John Shearer: Relatives Of Singer Grace Moore Possess Memories And Memorabilia

  • Wednesday, May 12, 2021

Noted actress and operatic singer Grace Moore enjoyed much fame until her sudden death in 1947, and her stories are still quite familiar to her extended family descendants from the Chattanooga area.

 

One is “Mems” Moore Bicking. Ms. Bicking grew up as the daughter of Grace Moore’s youngest brother, Richard Moore Jr., and vividly recalls all the stories he and her mother, Nancy Kitchen Moore, told her. 

 

“My mother and father went to a lot of her concerts in Europe,” she recalled.

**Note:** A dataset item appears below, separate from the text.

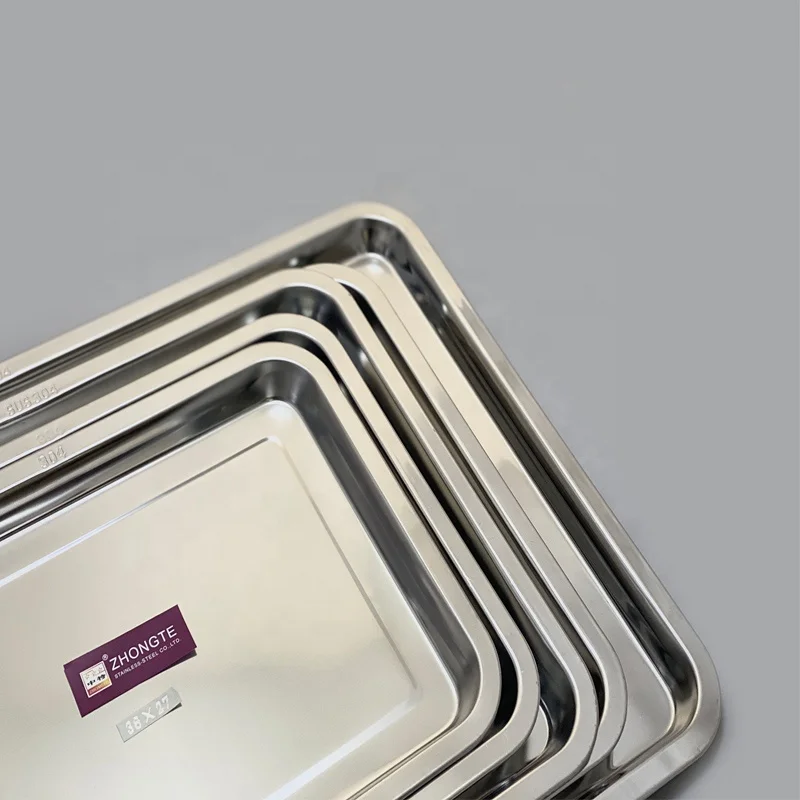 ZHONGTE Wholesale Stainless Steel Food Metal Serving Trays  With High Quality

“And they would go to a lot of her concerts at the Metropolitan Opera” (in New York).

 

Some of her European concerts and performances were before kings and queens, old accounts say.

 

Ms. Bicking, whose nickname came from the first letters of her full maiden name, Marian Emily Moore, said she inherited a lot of items related to Ms. Moore over the years. That has included furniture, scrapbook materials, a 1935 portrait of Grace, records, and letters of correspondence with family members.

 

Some items have been given away or sold over the years, and she passed a scrapbook or two down to her cousin, Ricky Moore, a grandson of another of Grace Moore’s brothers, James L. Moore.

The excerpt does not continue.